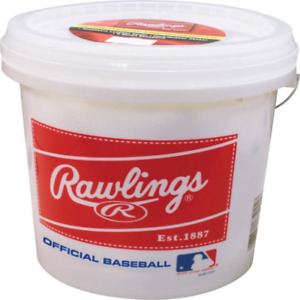 Official League Rawlings Baseballs (24 Pack) Major Baseball Practice Bucket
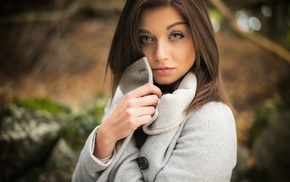portrait, face, girl, blue eyes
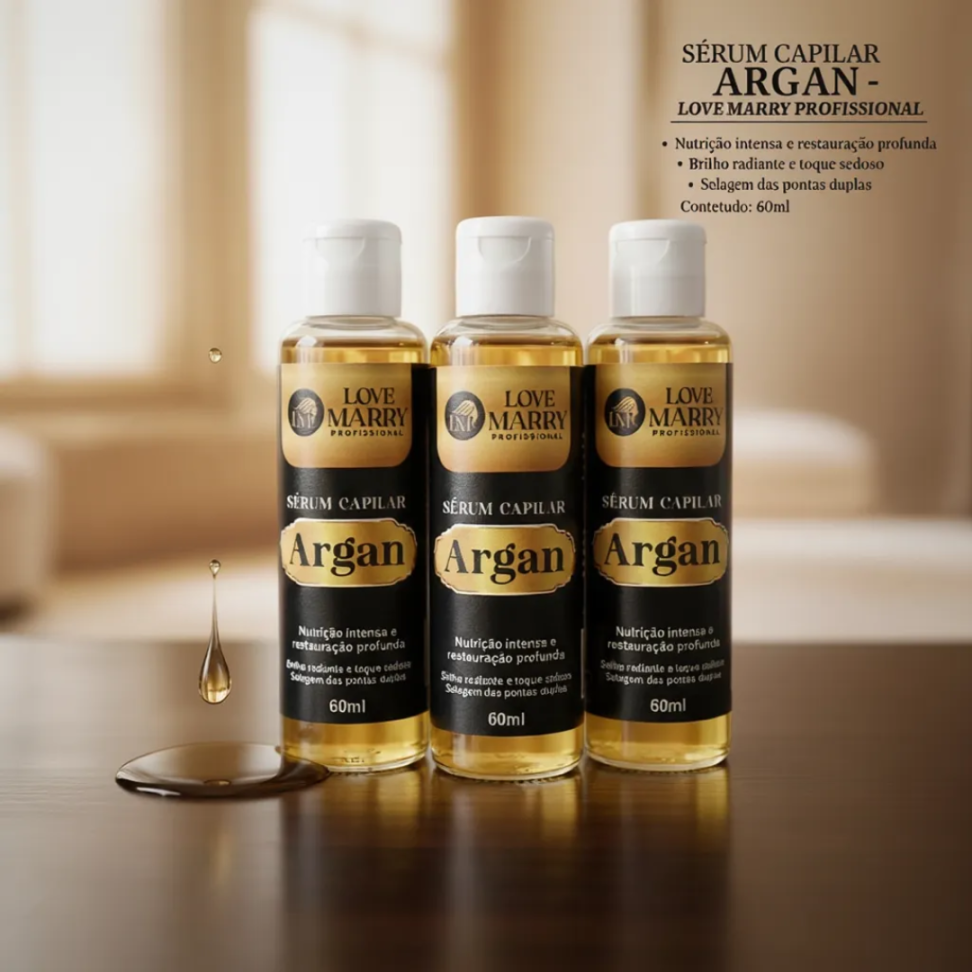Reparador Sérum Capilar 60Ml Love Marry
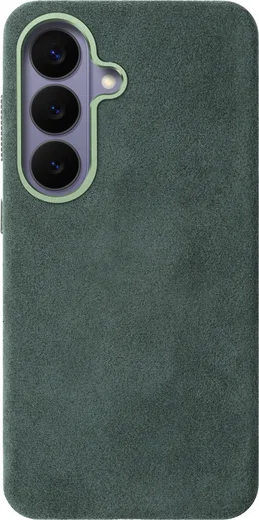 Rosso Avanti Samsung S26 Plus Hoesje Alcantara MagSafe met Wallet Groen afbeelding 11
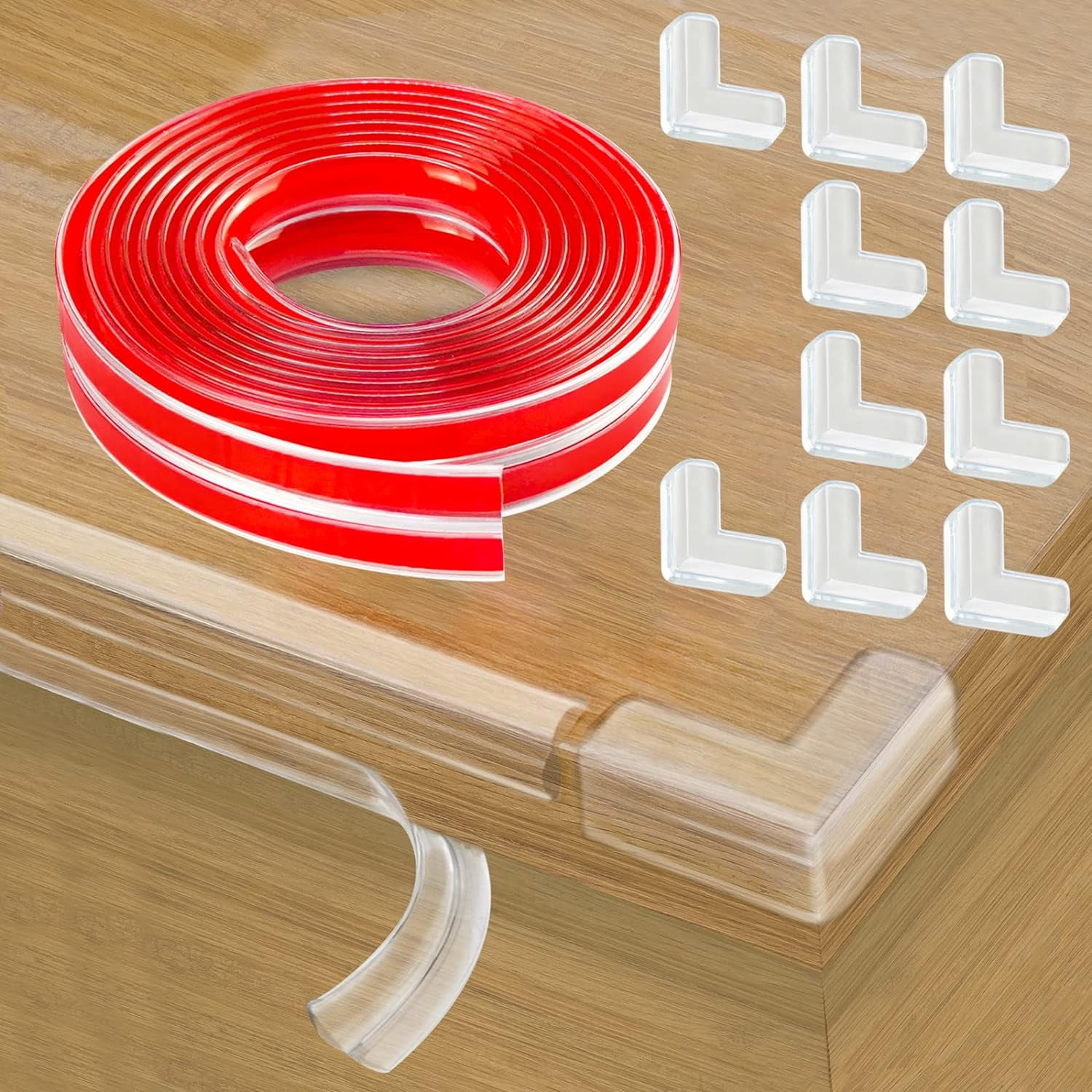 Babyproof, Edge Guard Clear and Silicone Furniture Corner Protectors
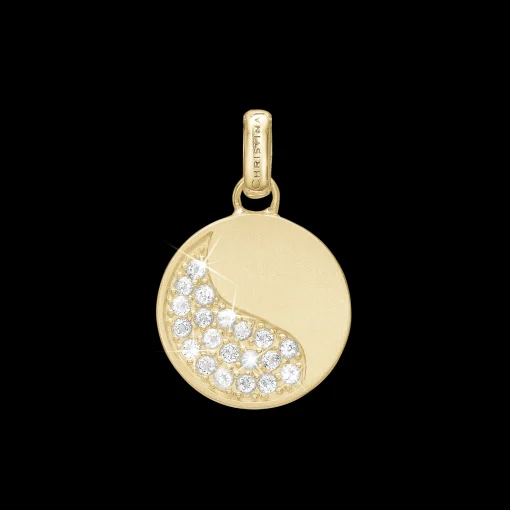 Moon Shine, pendant, goldpl silver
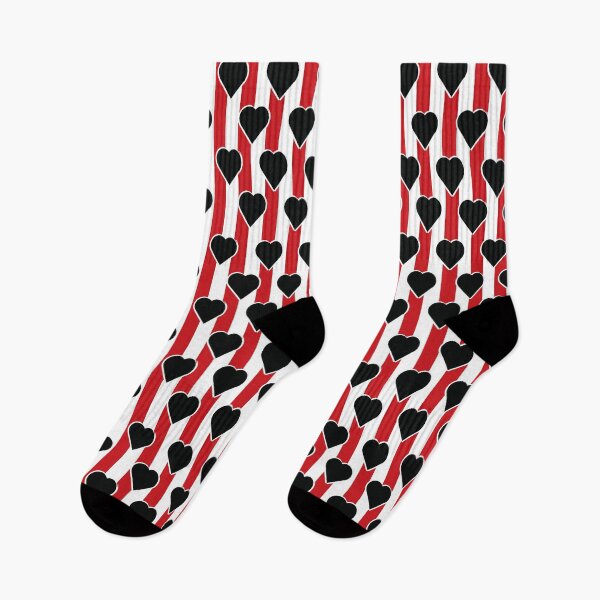 Item preview, Black Valentine Heart-red white pattern 11 designed and sold by StudioViArt.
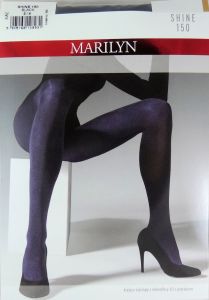 Marilyn SHINE 150 R3/4 rajstopy grey melange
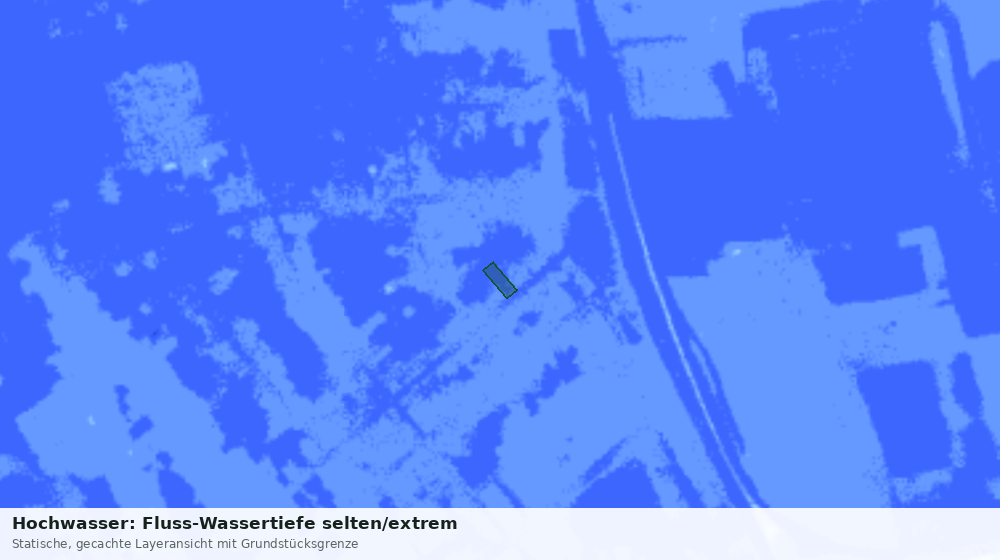 Statische Kartenansicht: Hochwasser: Fluss-Wassertiefe selten/extrem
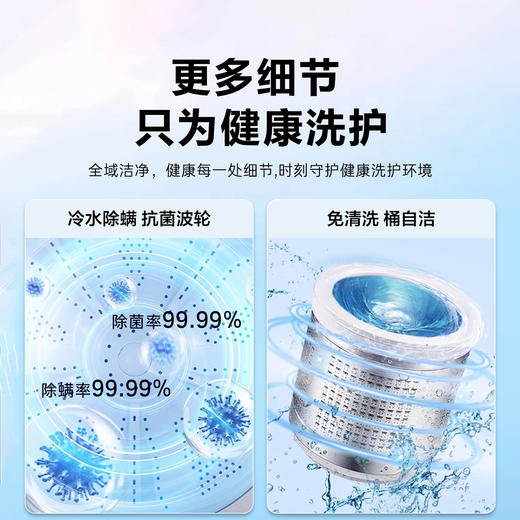 海尔智家Leader/统帅大容量8kg家用全自动波轮洗衣机洗脱一体527 商品图3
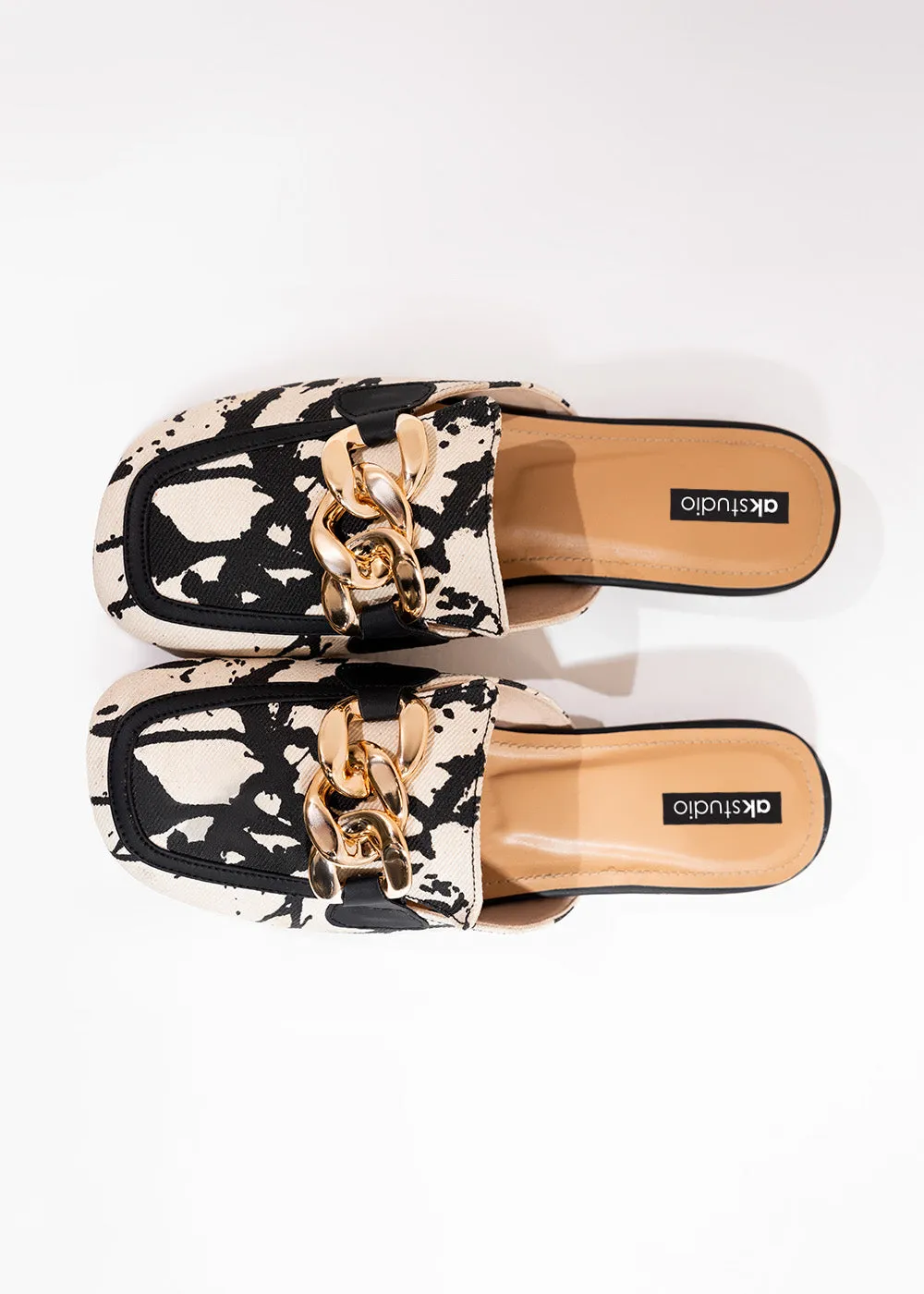 Printed Loafers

_WORK TASK_.
Return all of the material above unchanged, minus its pictures.

_WORKED SOLUTION_.
 Official League Rawlings Baseballs (24 Pack) Major Baseball Practice Bucket
portrait, face, girl, blue eyes
Reparador Sérum Capilar 60Ml Love Marry
 Rosso Avanti Samsung S26 Plus Hoesje Alcantara MagSafe met Wallet Groen afbeelding 11
 Babyproof, Edge Guard Clear and Silicone Furniture Corner Protectors
 Moon Shine, pendant, goldpl silver
 Item preview, Black Valentine Heart-red white pattern 11 designed and sold by StudioViArt.
 Marilyn SHINE 150 R3/4 rajstopy grey melange
 Statische Kartenansicht: Hochwasser: Fluss-Wassertiefe selten/extrem
 海尔智家Leader/统帅大容量8kg家用全自动波轮洗衣机洗脱一体527 商品图3
 Printed Loafers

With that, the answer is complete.